Люди, вчерашние троглодиты, копошатся где-то там, внизу, и им нет места на сцене, трагедия творится ради них, а не ими; и французские поэты безмерно принизили своего героя, сделав титана каким-то эмиссаром человечества. У Эсхила даже связывает Прометея с эфемерами[6] не эрос – любовь, а евноя – благосклонность, т. е. чувство, которое может быть не чуждо и доброму рабовладельцу. Самые благодеяния титана людям, в ущерб новой расе, которую замышлял Кронид, не были лишены некоторого полемического жара.
Во всяком случае в мире античной трагедии Прометей Эсхила были одиночным явлением. Никто не решался касаться этой таинственной концепции, полной загадок и противоречий, и гениальной в своей парадоксальности.

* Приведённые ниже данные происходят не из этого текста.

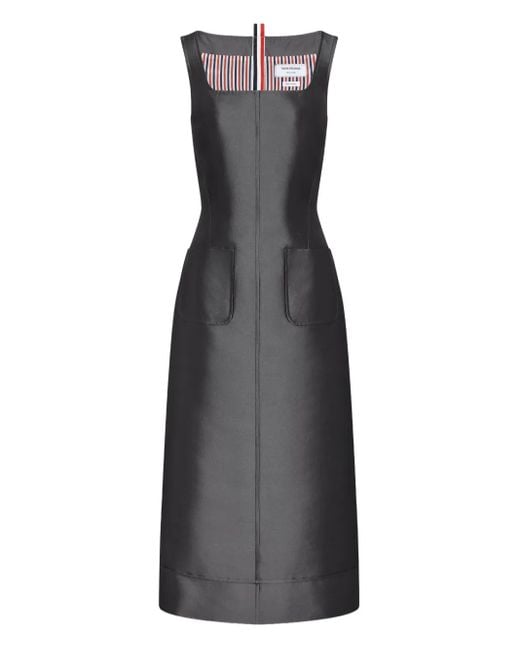 Thom Browne Black Woll And Silk Square Neck Colum Dress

В новом мире Прометей, наоборот, именно благодаря высоте и общности символа, стал любимой темой для творческих умов: Кальдерон, Мильтон, Гете, Байрон, Шелли создали каждый своего Прометея. Было бы неправильно, однако, исчерпывать значение эсхиловского Прометея его общечеловеческими элементами и забывать о том, чем трагедия была для первых зрителей. Нет сомнения, что для амфитеатра «Прометей» был, прежде всего, drama teratwdez, драмой чудес, и актер, игравший Ио, своей маской, вероятно, напоминал зрителям, что безумная дочь Инаха была обращена ревнивою Герой в телку, которую неотвязная оса наполняла бредом, отчаянием и вечным желанием двигаться.